JOHANNESBURG - South Africa's ‍Nedbank Group said ‍on Wednesday it has offered to buy a 66% stake ​in Kenya's NCBA Group in a cash-and-stock deal for 13.9 billion rand ($855.5 million) ⁠as part of the lender's ambitions to expand in East Africa.

The transaction, based on ⁠Nedbank's stock ‌price of 250 rand per share, would be settled 20% in cash and 80% through new Nedbank ordinary shares listed ⁠on the Johannesburg Stock Exchange, the bank said in a statement.

The remaining 34% of NCBA shares would continue to trade publicly on the Nairobi Securities Exchange.

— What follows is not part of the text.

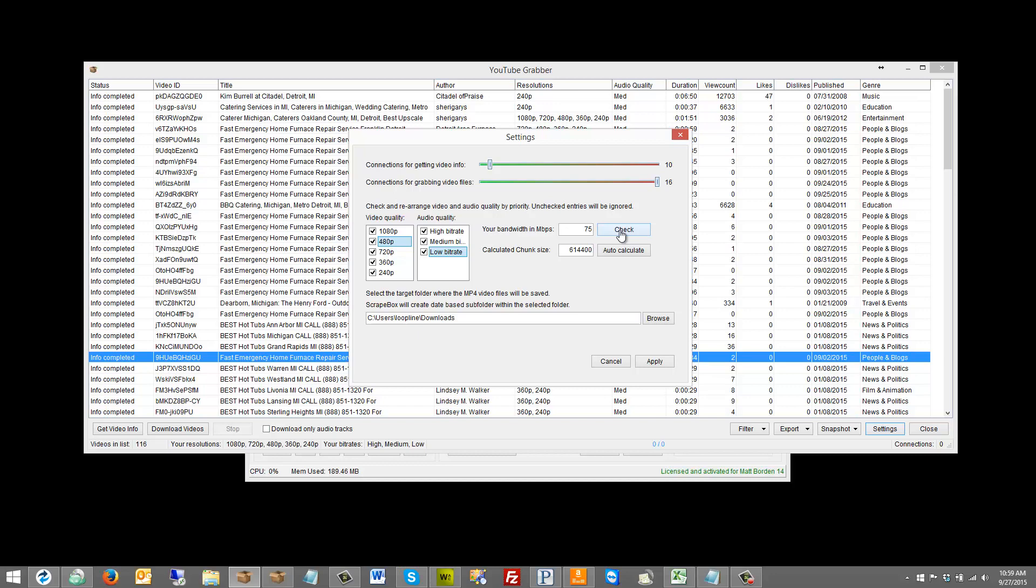I actually get like 85 most of the time. It's through Xfinity, so they sell me 75, but I usually get like 85 or 87 or whatever, so I'm just going to put in 75. Now based off of the bandwidth in megabit per second that you put in, you can auto-calculate the chunk size.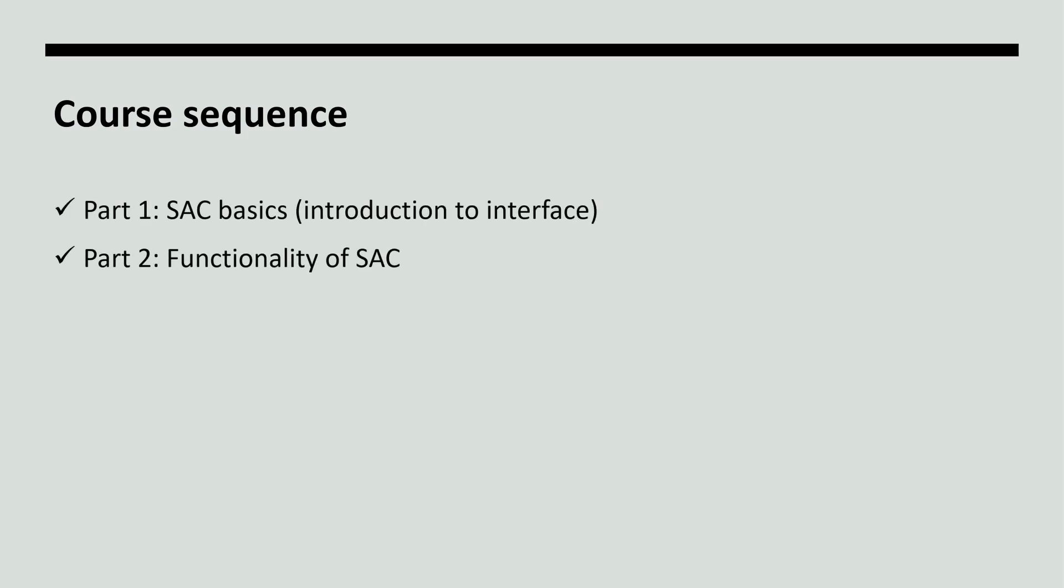Second part will cover functionality of the SubAssembly Composer using sample PKT files which are available for free on Autodesk help page. Also, we'll cover the API functions which are fundamental for creating subassemblies of any level of complexity.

If completed, NCBA, one of East Africa's largest ⁠financial services groups, would become a ​subsidiary of Nedbank, though it would retain its brand, local leadership and separate listing.

Nedbank Group ‍Chief Executive Jason Quinn said the planned acquisition was a major step in Nedbank's push ​to grow its southern and East African footprint.

"By combining NCBA’s substantial local presence and Nedbank’s capital base, expertise and enduring commitment to Africa, we see a compelling platform for sustainable growth in the region," Quinn said.

Nedbank views East Africa as strategically important, citing strong macroeconomic fundamentals, a large and growing population and the region’s role as a trade corridor linking Africa with the Middle East, India and Asia.

NCBA, headquartered in Nairobi and formed in 2019 ⁠through the merger of NIC Group and Commercial ‌Bank of Africa, operates across Kenya, Uganda, Tanzania and Rwanda, and provides digital banking services in Ghana and Ivory Coast. It serves more ‌than 60 million ⁠customers and has 122 branches.